Word for word, set down the lines from the one that contains "23661 114a Avenue, Maple" through the final line of the data; no pictures belong in the copy.

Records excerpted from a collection
"""

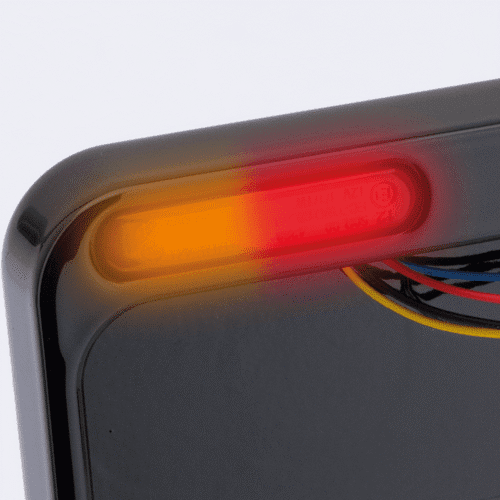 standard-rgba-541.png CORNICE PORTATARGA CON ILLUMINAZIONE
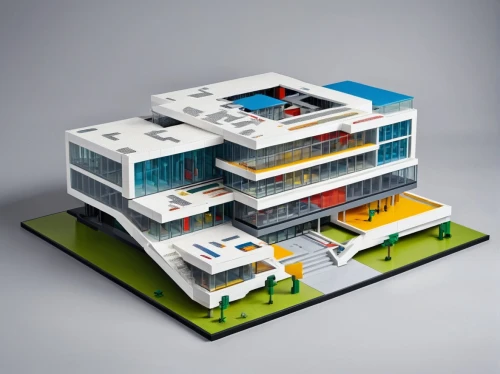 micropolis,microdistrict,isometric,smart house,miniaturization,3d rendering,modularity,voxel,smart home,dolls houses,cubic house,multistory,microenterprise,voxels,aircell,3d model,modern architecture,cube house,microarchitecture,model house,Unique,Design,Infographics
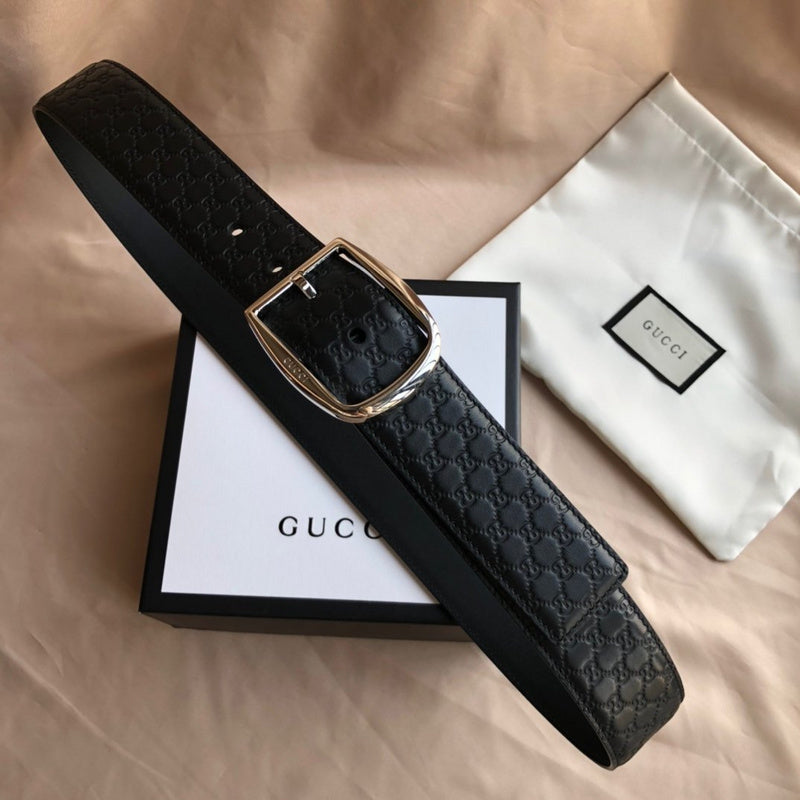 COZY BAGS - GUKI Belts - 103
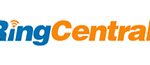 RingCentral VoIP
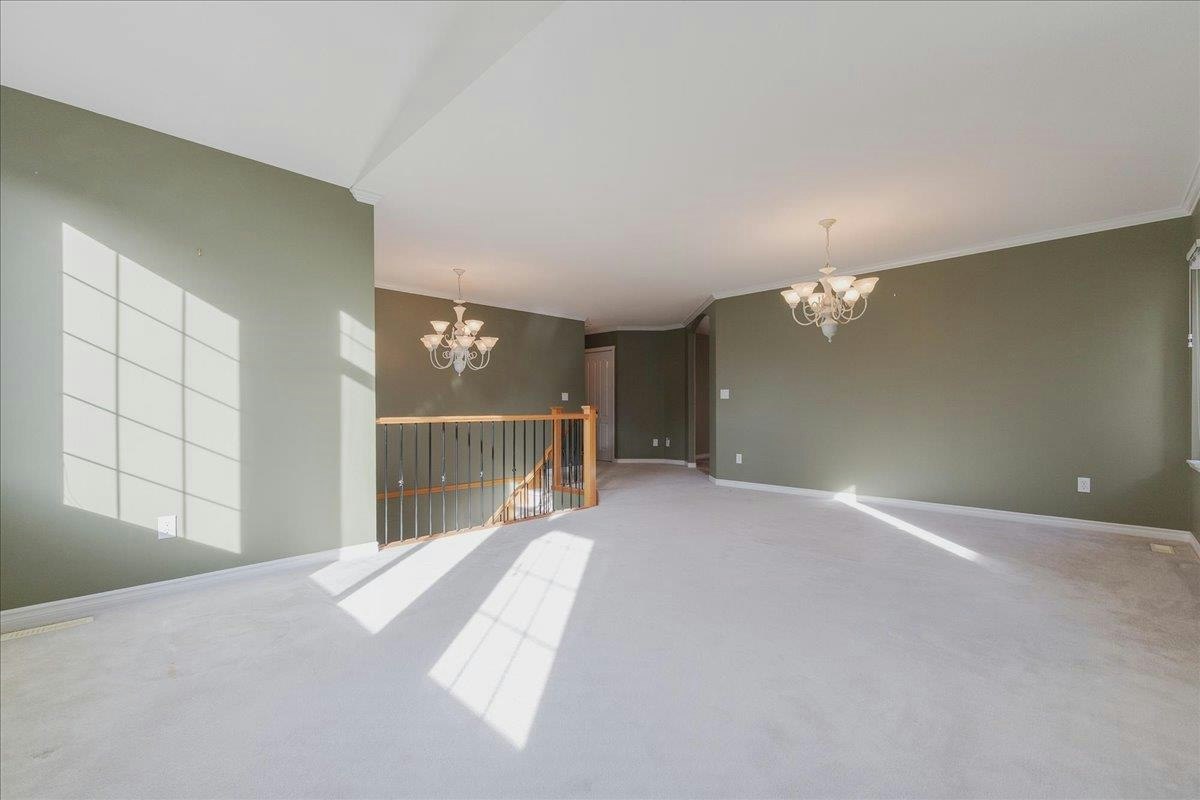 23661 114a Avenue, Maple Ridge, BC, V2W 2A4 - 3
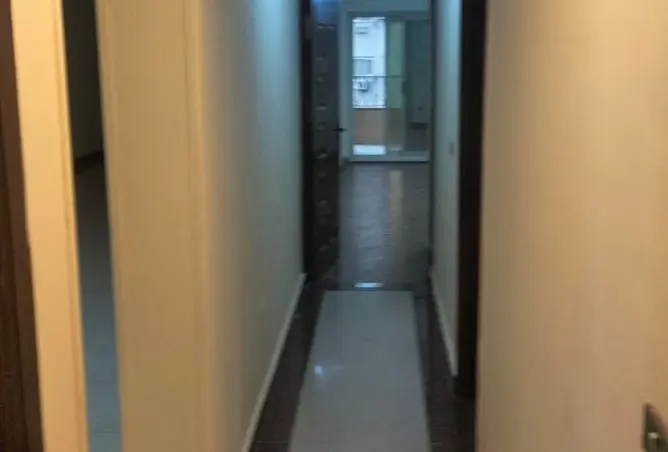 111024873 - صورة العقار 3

"""

* [FINISHED EXERCISE]:
 23661 114a Avenue, Maple Ridge, BC, V2W 2A4 - 3
 111024873 - صورة العقار 3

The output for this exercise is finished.